L’Université française a-t-elle perdu le sens de l’orientation ?

Par Estelle NDJANDJO et Johan BESCOND

Après un été passé à rencontrer les protagonistes de l’éducation, le gouvernement a présenté, lundi 30 octobre, son plan étudiant censé réduire le taux d’échec à l’université. Au cœur de l’amendement : vœux limités, fin du tirage au sort, ou encore deux semaines d’orientation au lycée. Des changements révélateurs de la première limite de l’éducation supérieure française : l’orientation.

« J’ai toujours fait en sorte d’avoir des bonnes notes pour éviter d’avoir affaire à la conseillère de désorientation », plaisante Mariama, aujourd’hui 25 ans et originaire d’une cité dite sensible à Villiers-le-Bel, dans le Val d’Oise. En septembre, la jeune femme a entamé sa dernière année à l’ESSEC, l’une des Ecoles de commerce les plus réputées de France.

Avant d’en arriver là, Mariama a pourtant galéré. Après une seconde générale « correcte », elle est orientée par ses professeurs en CAP Sanitaire et sociale : « Je n’avais aucune envie d’y aller et j’ai laissé tomber au bout de 6 mois. » Elle enchaîne les petits boulots pendant deux ans, avant de reprendre ses études pour intégrer la prépa d’égalité des chances de l’ESSEC, sur les conseils d’une amie : « Le commerce international m’a toujours attirée mais je ne m’en sentais pas capable. Je suis fière de mon parcours. »

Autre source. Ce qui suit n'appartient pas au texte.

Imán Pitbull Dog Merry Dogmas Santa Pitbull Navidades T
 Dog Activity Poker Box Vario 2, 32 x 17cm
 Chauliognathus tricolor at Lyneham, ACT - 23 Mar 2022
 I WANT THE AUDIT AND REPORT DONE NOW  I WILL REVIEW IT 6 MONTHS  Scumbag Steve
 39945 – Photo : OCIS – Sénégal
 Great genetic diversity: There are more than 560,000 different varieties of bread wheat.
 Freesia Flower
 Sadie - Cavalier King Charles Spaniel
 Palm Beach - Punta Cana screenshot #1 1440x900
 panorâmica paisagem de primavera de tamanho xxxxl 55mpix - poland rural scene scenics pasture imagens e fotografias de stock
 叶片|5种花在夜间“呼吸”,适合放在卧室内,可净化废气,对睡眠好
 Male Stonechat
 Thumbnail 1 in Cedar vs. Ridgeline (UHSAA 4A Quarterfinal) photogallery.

Les étudiants ont peur de perdre leur bourse

En France, de nombreux élèves ont subi la même mésaventure. Un étudiant sur deux abandonne dès la première année universitaire, selon le ministère de l’Enseignement supérieur. En France, chaque lycéen obtenant le bac a le droit d’accéder au supérieur. Censé assurer l’ascension sociale, l’université pour tous se base sur notre modèle républicain. Mais depuis plusieurs années, le choc démographique gonfle les amphithéâtres. Dans les universités de Caen, Toulouse, Montpellier, Lyon le nombre d’élèves en L1 en médecine ou en droit peut atteindre les 1500. Avec des élèves obligés de prendre des notes sur les escaliers, les amphis sont vite boudés.

« Les étudiants ont peur de perdre leur bourse, explique un professeur d’université en région parisienne. Une succession d’absences et ils doivent en rembourser l’intégralité. Les étudiants sont quasi-contraints de venir en cours, sans conviction. »

 3 700 bacheliers sans affectation

Un absentéisme révélateur d’un problème majeur dans l’orientation des élèves entre le lycée et le supérieur. Valentin Heitzler, élève en 1ere ES et président du syndicat lycéen FIDL, estime que ses camarades ne sont pas suffisamment informés : « La seule fois où ma prof principale nous a parlé d’orientation, ça n’a duré qu’une heure », regrette-t-il. Selon lui, la plateforme Admission Post Bac (APB) est la racine du problème. Tirage au sort, hiérarchie des choix de parcours, filières aux places limitées… Les lycéens étaient confrontés à de nombreuses barrières avant de pouvoir s’asseoir sur les bancs de la fac. À la rentrée dernière, 3 700 bacheliers se sont retrouvés sans affectation.

Avec le nouveau plan étudiant, les universités peuvent désormais consulter les dossiers scolaires avant d’accepter l’inscription d’un étudiant dans une filière.

 

Les dossiers envoyés vers celles qui croulent sous les demandes, comme le droit, la médecine ou encore STAPS, pourront ainsi être refusés. Le spectre de la sélection revient hanter l’Enseignement Supérieur.  

 « Je n’ai pas et je n’ai jamais eu peur du mot sélection, mais ce n’est pas ce que nous proposons », a déclaré Edouard Philippe lors de la présentation du projet.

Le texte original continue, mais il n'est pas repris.